Wo Mitarbeiter häufig und „mit vollen Händen“ eine solche Tür passieren müssen, sind automatische Türschließer zweckmäßig. Sie verfügen über ein Feststellelement (meist per Magnet oder Obertürschließer) und schließen – gekoppelt mit einem Rauchmelder oder einer Brandmeldeanlage – die Tür im Gefahrenfall automatisch.

Kompromisslos: Fluchtwege müssen immer frei sein

Die rechtlichen Vorgaben für Fluchtwege und Notausgänge finden sich in der Technischen Regeln für Arbeitsstätten ASR A2.2. Auch hier ist es nicht damit getan, wenn einmalig bei Errichtung oder Umbau des Gebäudes alle baulichen Vorgaben, etwa zur Anzahl, Breite und Länge und der Fluchtwege erfüllt wurden.

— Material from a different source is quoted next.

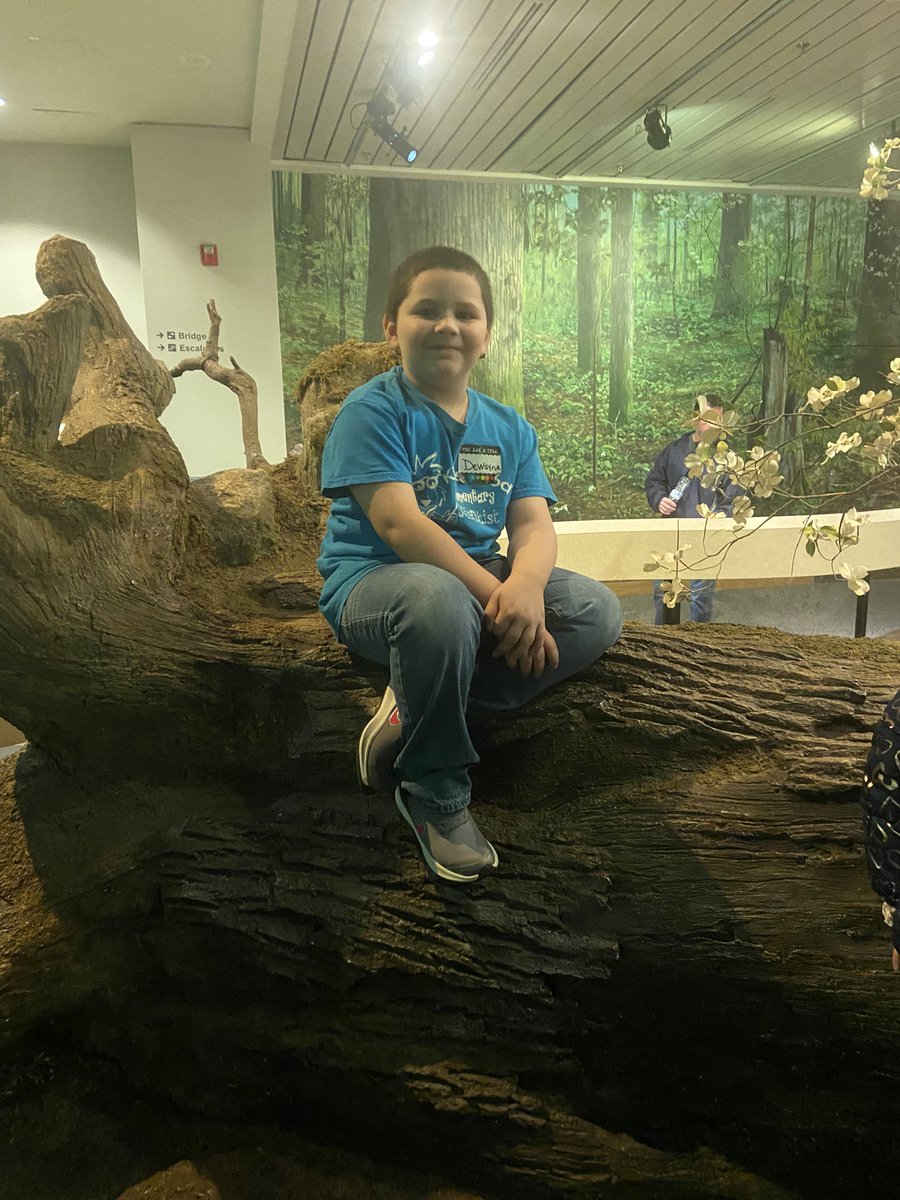 msrichardfirst's tweet photo. Fun filled week! From visiting @naturalsciences museum to learning about carnival and making masks.  @Kingswoodbuzz https://t.co/7btxdlpDxT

Häufigstes Manko ist, dass in Fluchtwegen oder vor Notausgängen Gegenstände abgestellt werden. Ob Karton oder Kanister, Palette oder Gabelstapler, solche Hindernisse sind unzulässig, erschweren im Brandfall das schnelle Verlassen der Arbeitsstätte und werden daher völlig zu Recht bei jeder Begehung moniert. Auch auf die ordnungsgemäße Kennzeichnung der Fluchtwege, Notausgänge, Feuerlöscher und Brandmelder gemäß ASR A1.3 (S. 29f) achten die Prüfer.